If there’s a single group of people who are likely to be experiencing the most consternation over recent market events, it’s those who have just retired or who are on the cusp of hanging it up.
But as with most things in life, the key for new- and near-retirees making it through this period with their sanity intact is to focus on what they can control.
Assess spending rate
People who have just retired or are about to do so are vulnerable to sequence-of-returns risk, which means that a bad market shows up early in retirement. And this imperils your portfolio’s ability to last throughout your retirement years.
Retirees who are pulling cash flows from their portfolios can address that risk by adjusting spending down to ensure that more of their portfolios are in place to recover when the market eventually does.
In our retirement income research, we found that tweaks like forgoing an inflation adjustment following a bear market help ensure that spending lasts over a 30-year period.
If you haven’t yet retired, assess your planned in-retirement spending and identify where you could make cutbacks if needed.
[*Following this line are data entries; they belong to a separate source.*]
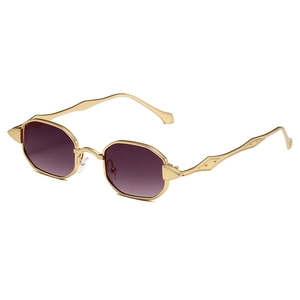 Retro octagonal gold sunglasses with purple gradient lenses and geometric carved temples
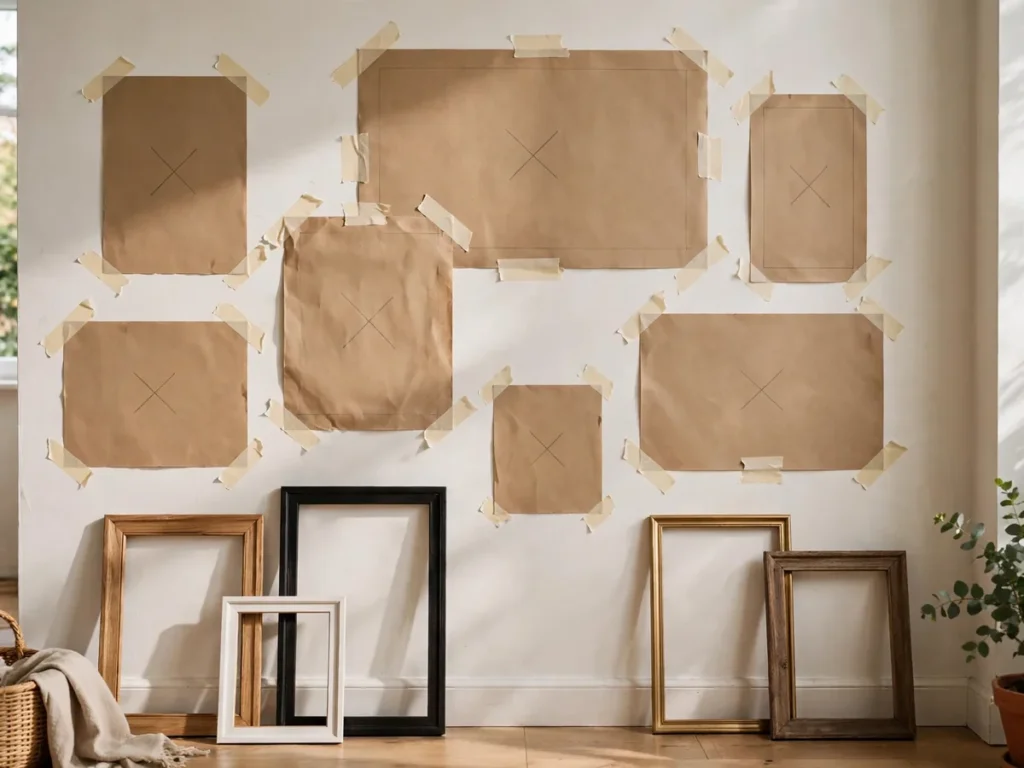 Moldes de papel kraft colados na parede para testar a composição antes de pendurar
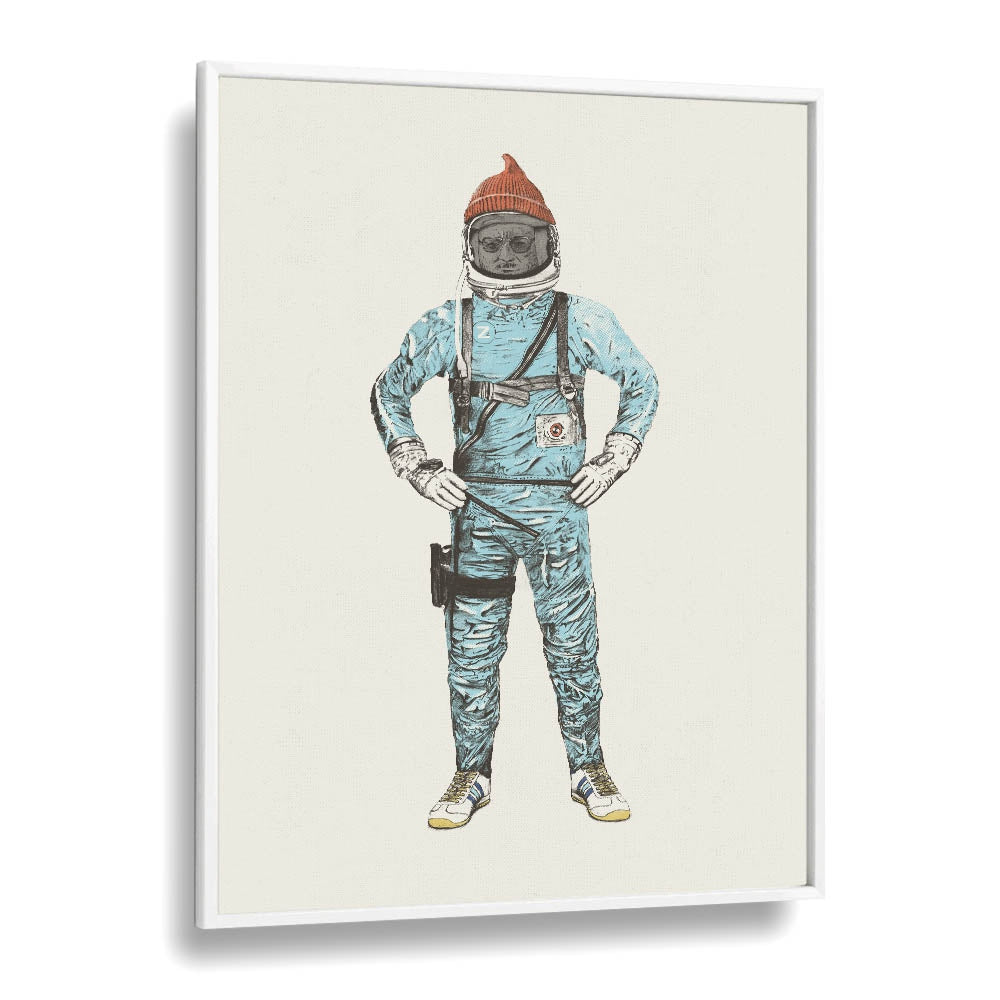 Framed print of "Zissou In Space, Fantasy" by Florent Bodart, showcasing a whimsical astronaut in vibrant colors.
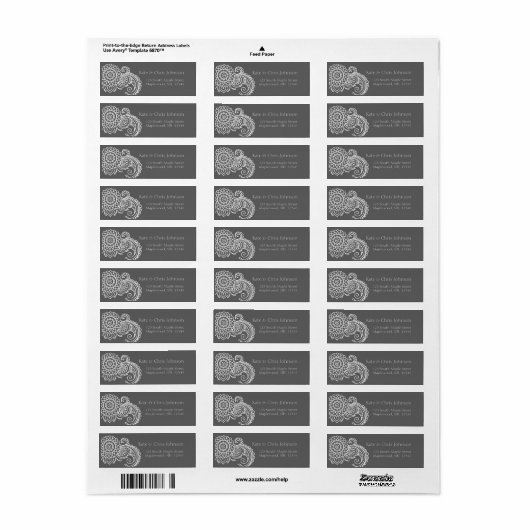  scroll ontwerp herrun adres label-white etiket (Full Sheet)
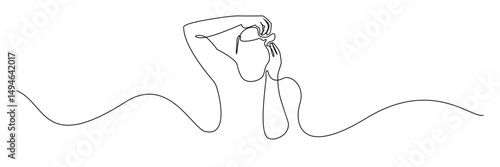 continuous line drawing of man having hair problem.single line drawing of man with hair dandruff,hair loss,gray hair.line art vector illustration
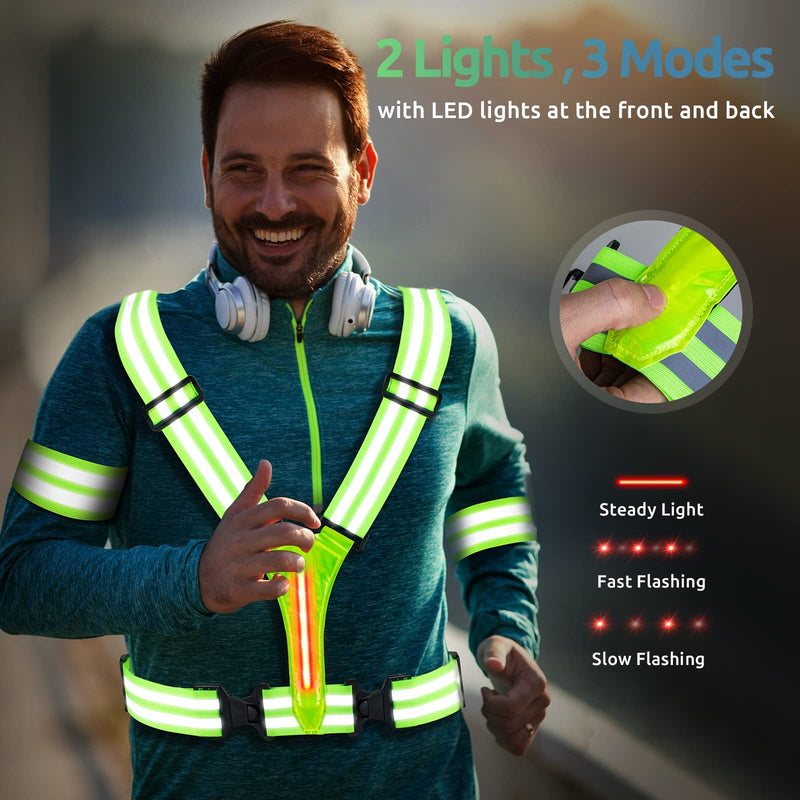 UPBOXN Reflective LED Running Vest, USB Rechargeable with 3 Light Modes, High Visibility Light Up Vest with 2 Reflective Elastic Bands, Adjustable Safety Gear for Night Running, Cycling (Men & Women) - BeesActive Australia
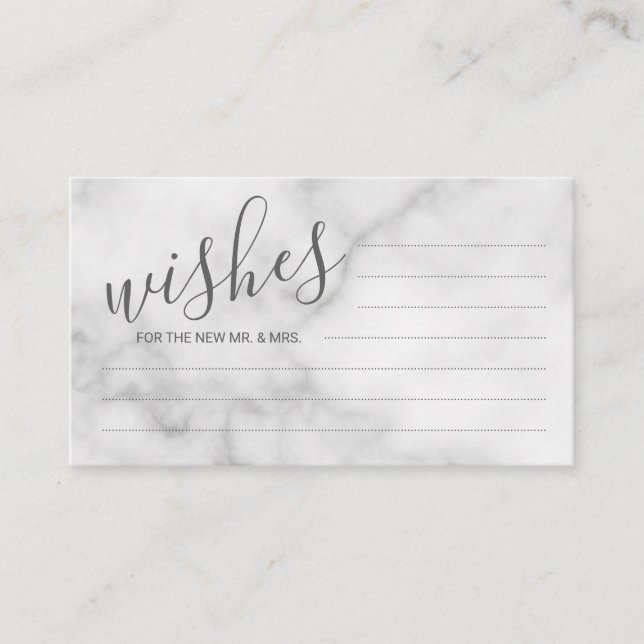 Classy Marble Wedding Advice and Wishes Card (Front)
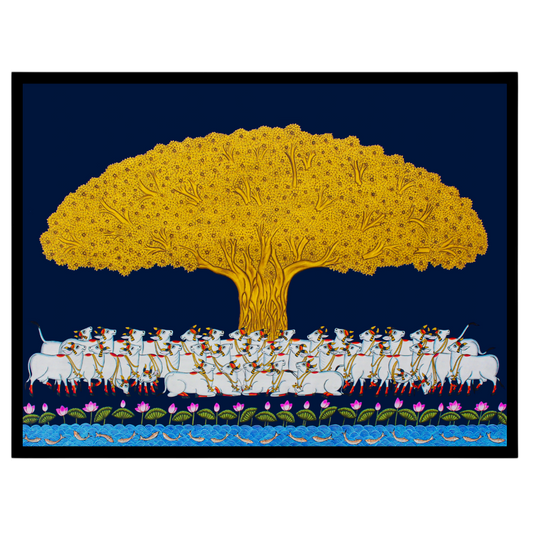 Elevate your home with this enchanting Pichwai art piece depicting the illustrious Tree of Life in for house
Pull cash flows from safer assets
Ideally, you can pull portfolio cash flows from safer assets and leave your stock positions undisturbed.
That’s the general logic behind the Bucket approach to portfolio construction. In good years for the stock market, harvest appreciated equity assets for income. In bad ones, don’t touch stocks but instead source cash flows from high-quality bonds or cash.
Using that logic, you may even want to reinvest income distributions back into securities that have recently lost value rather than spending them.